De l’avis d’un acteur politique de premier plan qui a requis l’anonymat, le chef de l’Etat a visiblement fait grâce aux dignitaires du parti rose de ce qu’ils ont engrangé. Son ministre des Affaires étrangères et challenger dans la conquête de la candidature du Pnds Tarayya à l’élection présidentielle est impliqué, notamment, dans l’uraniumgate, ce scandale au bout duquel certains estiment que les autorités nigériennes ont hypothéqué la production uranifère sur de longues années. Une affaire qui n’a pas encore révélé tous ses contours, la justice nigérienne n’ayant pas jusqu’ici ouvert une enquête là-dessus. Hassoumi Massoudou, on s’en souvient, a ouvert un compte bancaire à BNP Paribas, en France au nom de la Sopamin (Société de patrimoine des mines du Niger) dont il n’est ni le directeur général, ni le président du conseil d’administration. À partir de ce compte, il a procédé au transfert de 200 milliards de francs CFA à Dubaï, un paradis fiscal, au profit d’une société dénommée Optima Energy dont un des responsables a été aperçu plusieurs fois dans les couloirs de la présidence. Les Nigériens attendent toujours que justice soit rendue au nom de l’État et du peuple nigérien.
Ceux qui ont vendu, l’acheteur, les intermédiaires, les montants encaissés, les banques par lesquelles les fonds ont transité, tout est connu et publié dans les colonnes du journal Le Courrier.

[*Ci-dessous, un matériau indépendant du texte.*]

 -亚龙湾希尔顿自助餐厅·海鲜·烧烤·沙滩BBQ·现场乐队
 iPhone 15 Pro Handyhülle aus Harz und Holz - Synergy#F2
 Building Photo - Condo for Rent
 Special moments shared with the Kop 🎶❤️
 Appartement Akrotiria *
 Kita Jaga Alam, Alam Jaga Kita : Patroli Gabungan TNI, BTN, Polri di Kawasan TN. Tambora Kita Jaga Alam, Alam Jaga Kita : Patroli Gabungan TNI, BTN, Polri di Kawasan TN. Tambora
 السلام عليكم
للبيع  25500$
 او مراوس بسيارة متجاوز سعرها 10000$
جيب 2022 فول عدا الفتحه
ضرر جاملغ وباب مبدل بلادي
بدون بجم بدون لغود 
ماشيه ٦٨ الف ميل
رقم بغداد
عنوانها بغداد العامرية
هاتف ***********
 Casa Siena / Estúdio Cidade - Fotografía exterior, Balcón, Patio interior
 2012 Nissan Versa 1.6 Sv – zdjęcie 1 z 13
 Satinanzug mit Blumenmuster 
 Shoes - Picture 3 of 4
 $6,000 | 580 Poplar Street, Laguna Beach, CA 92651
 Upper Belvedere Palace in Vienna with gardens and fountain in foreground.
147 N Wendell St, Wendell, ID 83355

Il n’y a pas que l’uraniumgate qui reste toujours non éclaircie. En 2015, pratiquement à la veille des élections générales de 2016, à la demande de l’État du Niger, le Pakistan a offert 15 000 tonnes de riz en vue de faire face à la situation alimentaire précaire des populations de Diffa, durement éprouvées par Boko Haram. Ces 15 000 tonnes ne sont jamais parvenues à destination, au Niger. Et les populations de Diffa, déplacées sur leurs propres terres, ne savent pas que leur situation, pénible soit-elle, a plutôt servi comme tremplin à des individus pour s’enrichir. Les 15 000 tonnes de riz ont été détournées et vendues à vil prix au port de Cotonou. Ceux qui ont vendu, l’acheteur, les intermédiaires, les montants encaissés, les banques par lesquelles les fonds ont transité, tout est connu et publié dans les colonnes du Courrier. Mais à ce jour, la justice n’a pas été rendue, malgré la gravité des faits. Les auteurs, dont les noms ont été connus, courent toujours, riches de leurs larcins.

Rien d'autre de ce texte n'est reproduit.